Köln/Münster – Eine unabhängige Historiker-Kommission der Universität Münster zur Aufarbeitung des Missbrauchsskandals hat sich in scharfer Form gegen das Vorgehen der Kölner Bistumsleitung gewandt. „Wer Gerichtsfestigkeit verlangt, verhindert Aufklärung“, sagte der Studienleiter, Professor Thomas Großbölting, bei der Präsentation von Zwischenergebnissen einer vom Bistum Münster in Auftrag gegebenen wissenschaftlichen Arbeit. Das Gesamtergebnis soll im Frühjahr 2021 vorliegen. Es sei unmöglich, im Zuge der Aufarbeitung rückwirkend die Arbeit von Juristen und Gerichten nachzuholen, erklärte Großbölting. Der Ruf nach Gerichtsfestigkeit stehe einer „lebendigen, an den zeitgenössischen Akteuren orientierten und damit auch für die Prävention nützlichen Aufarbeitung im Weg“.

Im Erzbistum Köln hatte Kardinal Rainer Woelki ein bereits fertiggestelltes Gutachten der Münchner Anwaltskanzlei Westpfahl Spilker Wastl (WSW) Ende Oktober unter Verschluss nehmen lassen. Er begründet dies mit angeblichen Qualitätsmängeln und äußerungsrechtlichen Risiken bei der Nennung von Bistumsfunktionären, die für Vertuschung sexuellen Missbrauchs und Strafvereitelung verantwortlich waren. Ein Ersatzgutachten des Kölner Strafrechtlers Björn Gercke soll nun für die aus Kölner Sicht erforderliche Rechtssicherheit sorgen.

Studie soll nicht wieder Verschluss zum Opfer fallen

„Wir gehen davon aus, dass wir uns in unserer Studie regelkonform verhalten“, sagte Großbölting. Es würden dabei die gleichen Standards und Grundsätze angewandt wie in dem WSW-Gutachten für das Bistum Aachen, das im November veröffentlicht wurde.

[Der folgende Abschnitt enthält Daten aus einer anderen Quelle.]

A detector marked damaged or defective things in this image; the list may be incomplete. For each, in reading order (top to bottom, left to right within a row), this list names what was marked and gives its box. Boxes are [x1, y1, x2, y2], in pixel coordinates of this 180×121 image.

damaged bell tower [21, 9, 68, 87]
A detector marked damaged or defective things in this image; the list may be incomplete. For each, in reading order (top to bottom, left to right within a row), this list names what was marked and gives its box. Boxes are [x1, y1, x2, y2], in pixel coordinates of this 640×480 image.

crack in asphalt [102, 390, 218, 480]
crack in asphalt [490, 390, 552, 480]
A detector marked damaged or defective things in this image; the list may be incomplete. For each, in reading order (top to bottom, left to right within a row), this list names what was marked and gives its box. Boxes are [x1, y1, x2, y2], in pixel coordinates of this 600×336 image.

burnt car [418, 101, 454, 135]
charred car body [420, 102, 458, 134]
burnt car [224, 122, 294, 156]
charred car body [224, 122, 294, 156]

Großbölting, der heute in Hamburg lehrt, hob im Kontrast zu Köln die Bereitschaft der Münsteraner Bistumsleitung zu Kooperation und voller Transparenz hervor. „Wir sind hier weit entfernt von den Vorgängen im Erzbistum Köln“, wo immer unklarer sei, „inwieweit der Aufklärungsimpuls von der Bistumsleitung unterstützt wird“, sagte der Wissenschaftler.

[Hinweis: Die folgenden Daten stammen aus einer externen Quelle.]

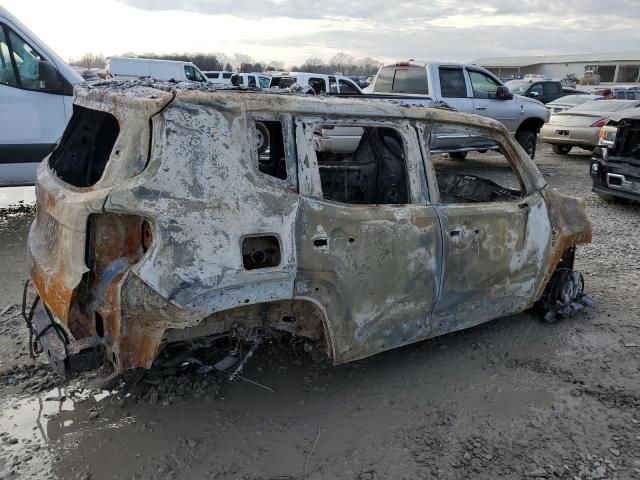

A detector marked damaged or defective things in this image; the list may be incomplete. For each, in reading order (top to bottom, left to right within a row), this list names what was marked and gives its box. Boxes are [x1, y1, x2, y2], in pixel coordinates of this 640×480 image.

missing window glass [254, 120, 286, 180]
burned vehicle shell [27, 80, 592, 376]
fire damage [25, 79, 596, 386]
destroyed jeep renegade [26, 80, 596, 378]
missing window glass [316, 125, 410, 204]
missing window glass [428, 124, 524, 203]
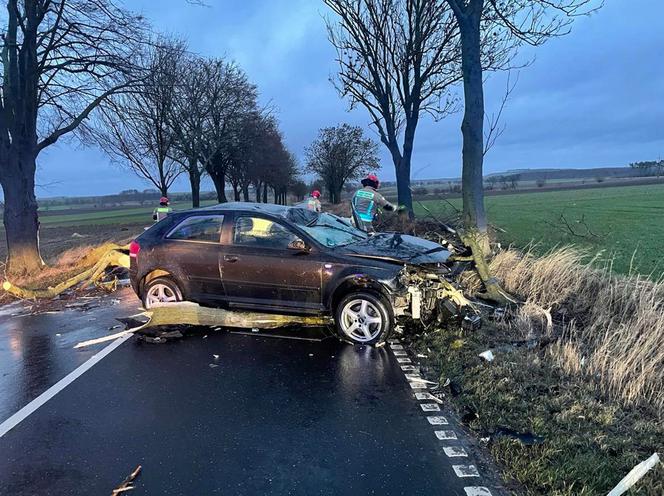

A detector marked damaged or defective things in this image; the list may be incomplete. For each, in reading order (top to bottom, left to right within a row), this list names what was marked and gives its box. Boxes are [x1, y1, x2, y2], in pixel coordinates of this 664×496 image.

shattered windshield [286, 208, 368, 248]
crashed brown car [130, 202, 470, 344]
damaged front end [390, 264, 478, 330]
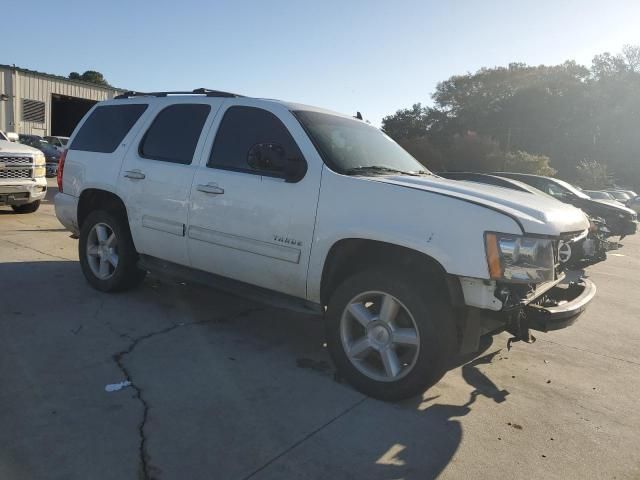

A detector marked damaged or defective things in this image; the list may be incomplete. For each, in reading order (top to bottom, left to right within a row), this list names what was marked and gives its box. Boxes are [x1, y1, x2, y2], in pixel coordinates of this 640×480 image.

crack in pavement [110, 308, 262, 480]
damaged front bumper [458, 274, 596, 352]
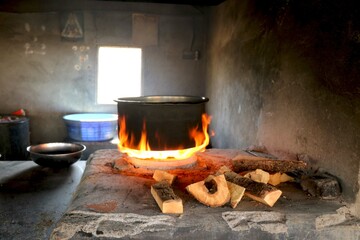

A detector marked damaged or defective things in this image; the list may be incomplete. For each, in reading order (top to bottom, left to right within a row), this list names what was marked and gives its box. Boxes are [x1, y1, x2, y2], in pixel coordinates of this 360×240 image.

burnt wood piece [231, 155, 306, 173]
burnt wood piece [150, 180, 183, 214]
burnt wood piece [224, 170, 282, 207]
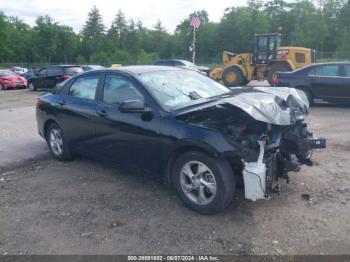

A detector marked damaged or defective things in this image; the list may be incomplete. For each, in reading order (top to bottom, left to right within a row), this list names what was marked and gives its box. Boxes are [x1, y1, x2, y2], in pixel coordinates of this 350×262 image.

damaged black sedan [35, 66, 326, 215]
dented hood [178, 87, 308, 126]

Sein Münsteraner Kollege Klaus Große Kracht forderte mehr Mut von den Bistümern. Das Äußerungsrecht, mit dessen Hilfe man sich gegen als falsch, einseitig oder diskreditierend empfundene Publikationen wehren kann, sei kein geeigneter Gradmesser, um feststellen, „was man sagen darf und was nicht“. Die Kirche mit ihrer Finanzkraft sollte ungeachtet etwaiger Rechtsstreitigkeiten „nach vorn gehen“, empfahl Große Kracht. Es gehe darum, die informationelle Selbstbestimmung von Tätern gegen das Aufklärungsinteresse abzuwägen. „Beides kann parallel funktionieren“, unterstrich Großbölting. Er richtete zugleich die Forderung an den Gesetzgeber, für mehr Rechtssicherheit auf dem Feld der Aufarbeitung zu sorgen.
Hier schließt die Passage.